_INFORMATION SHOWN_.

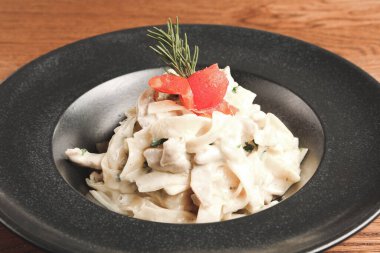 Lezzetli soslu lezzetli klasik İtalyan makarnası..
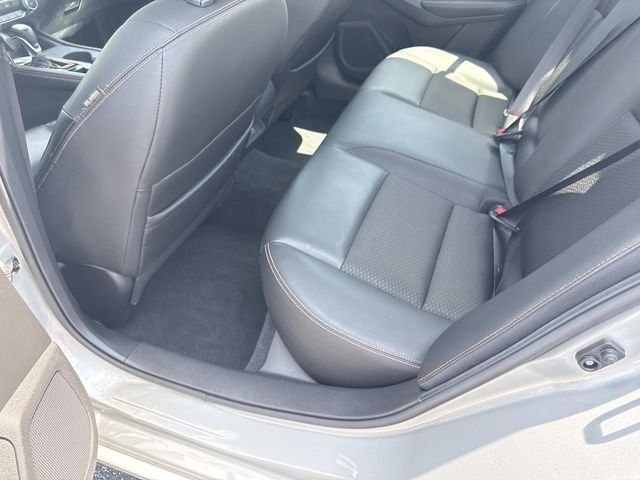 Used 2021 Silver Nissan 2.5 SR image 13
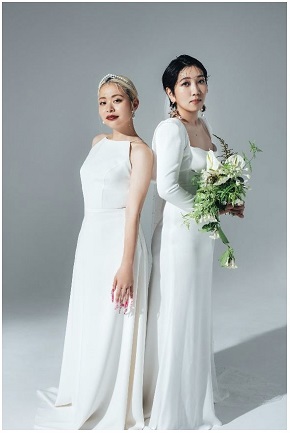 ウエディングドレス姿の「エルフ」荒川・はる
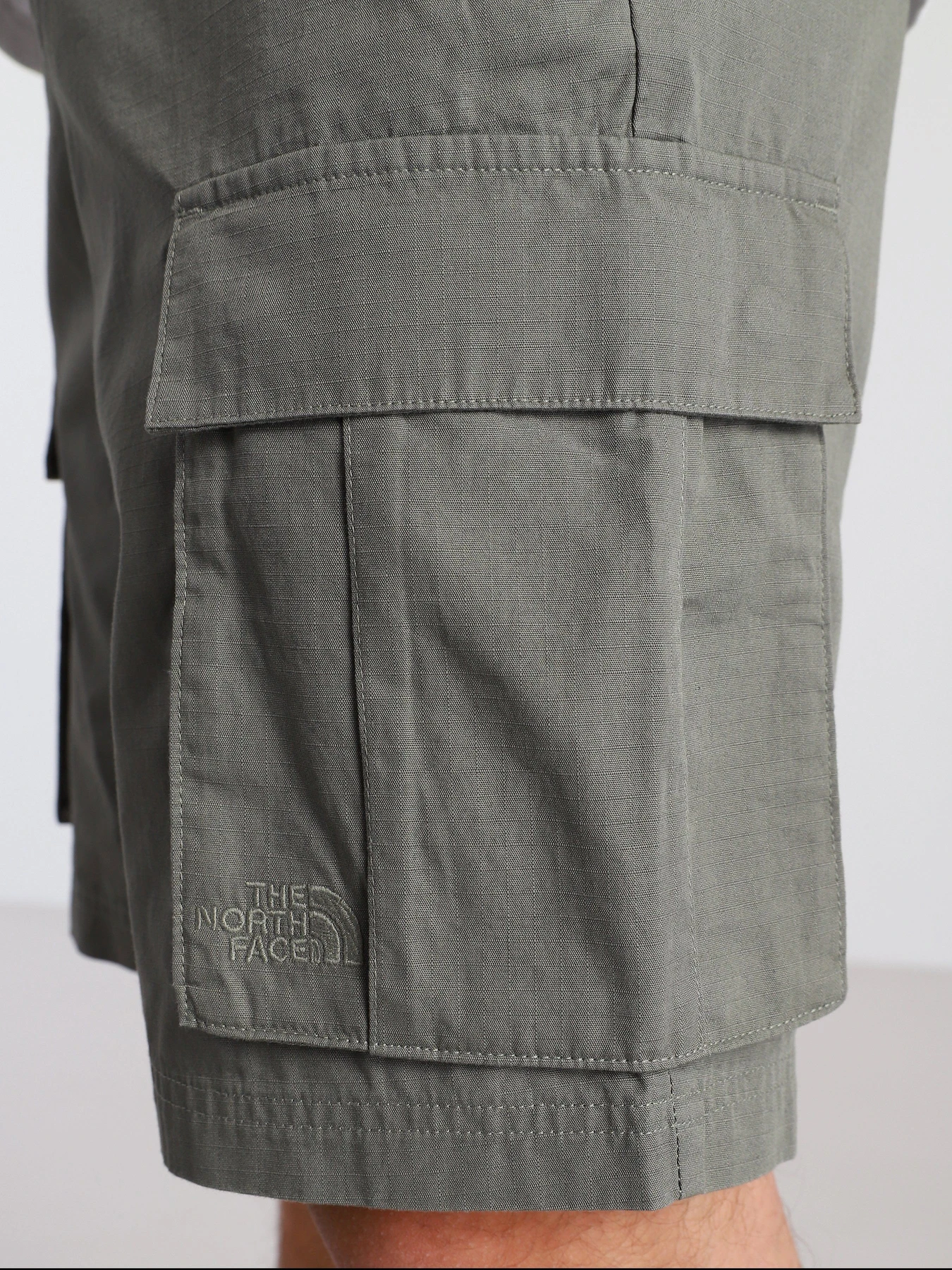 Шорты The North Face Anticline модель NF0A55B6V381 Шорты The North Face Anticline модель NF0A55B6V381 Фото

_WHAT THE EXERCISE ASKS_.
From the material above, print everything exactly except the pictures.

_WRITTEN SOLUTION_.
 Lezzetli soslu lezzetli klasik İtalyan makarnası..
 Used 2021 Silver Nissan 2.5 SR image 13
 ウエディングドレス姿の「エルフ」荒川・はる
 Шорты The North Face Anticline модель NF0A55B6V381 Шорты The North Face Anticline модель NF0A55B6V381 Фото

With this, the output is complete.